L’enfant fa’a’amu rebaptisé Océane revenait au fenua, après vingt-sept ans d’absence. Ce voyage était très important pour elle, qui vivait depuis trop longtemps une souffrance muette. Bruno et elle désiraient un bébé, depuis quelques années. Alors que tout était normal physiologiquement pour le couple, cet enfant ne venait pas. Un jour Océane affirma à son mari, qu’elle était sûrement stérile comme sa mère. Le trouble qui suivit alerta le jeune homme. La mère biologique d’Océane n’était pas stérile, bien au contraire. Océane avait oublié qu’elle était une fille des îles. Il fallait qu’elle renoue avec son passé pour rééquilibrer son présent. Il fallait qu’elle fasse ce grand voyage pour  redevenir entière et restaurer sa partie polynésienne, qu’elle avait enterré au plus profond d’elle même.

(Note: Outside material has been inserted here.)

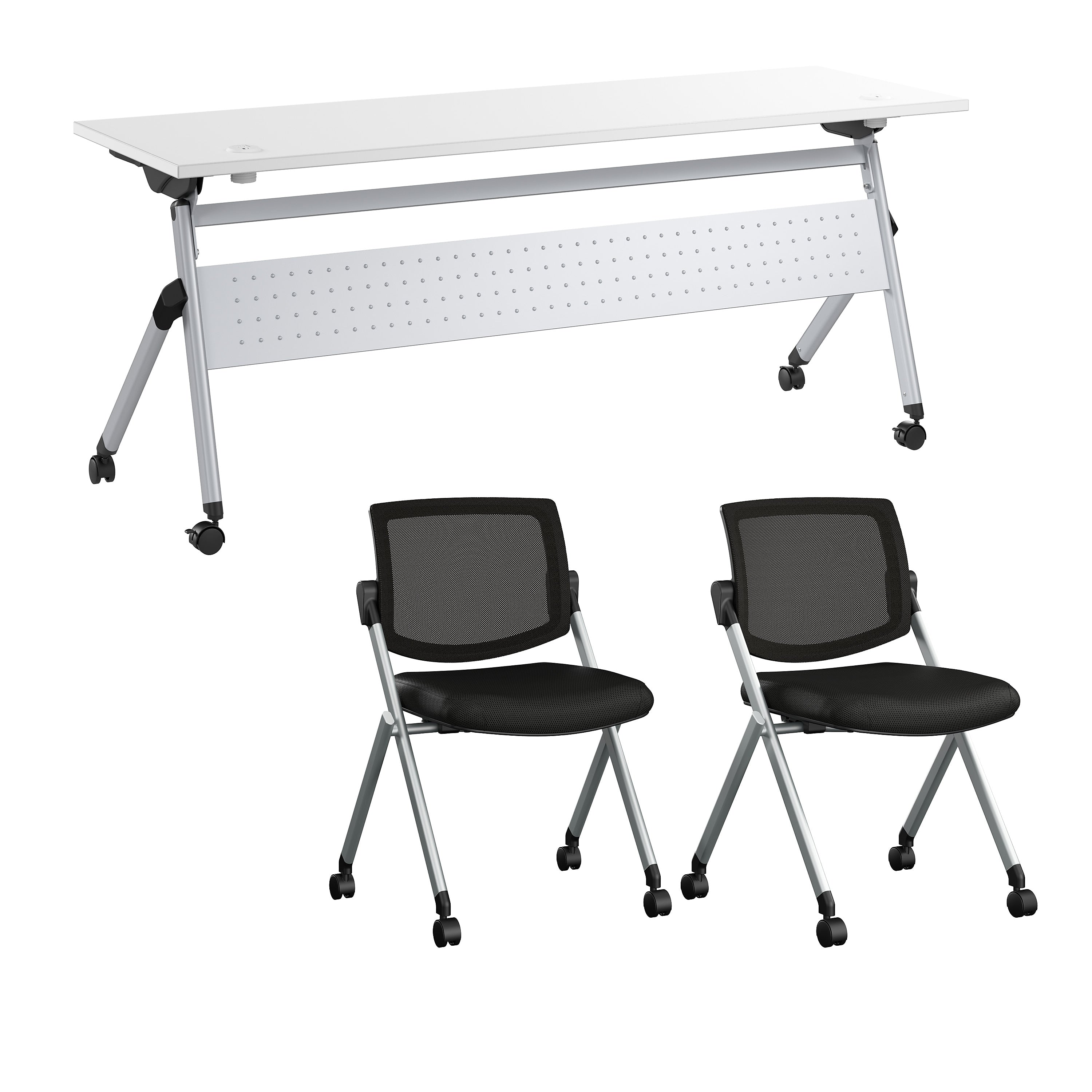 Bush Business Furniture Envision 72"W Foldable Training Room Table with 2 Chairs, White (NVS008WH)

Dans la salle d’embarquement au bout du monde, la jeune femme aurait tant aimé avoir Bruno, son amoureux, son tendre confident à côté d’elle. Elle se sentait terriblement seule. Elle essayait depuis quelques minutes de maîtriser une grosse boule d’angoisse qui lui serrait la poitrine. Elle regardait les autres personnes assises, tranquilles et calmes. Une tatie avec un joli chapeau fleuri à côté d’elle lui souriait et lui parlait tahitien en rigolant. Océane aimait le rire des gens d’ici : un rire de gorge un peu enfantin, léger. Elle entendait ces rires partout. Elle vit le geste de placer ses mains devant sa bouche chez deux jeunes filles en face d’elle. Océane riait comme cela aussi. C’était étrange pour elle, de se retrouver dans beaucoup d’attitude, une façon de tenir sa tête, de marcher les genoux serrés ou de s’asseoir sans croiser les jambes...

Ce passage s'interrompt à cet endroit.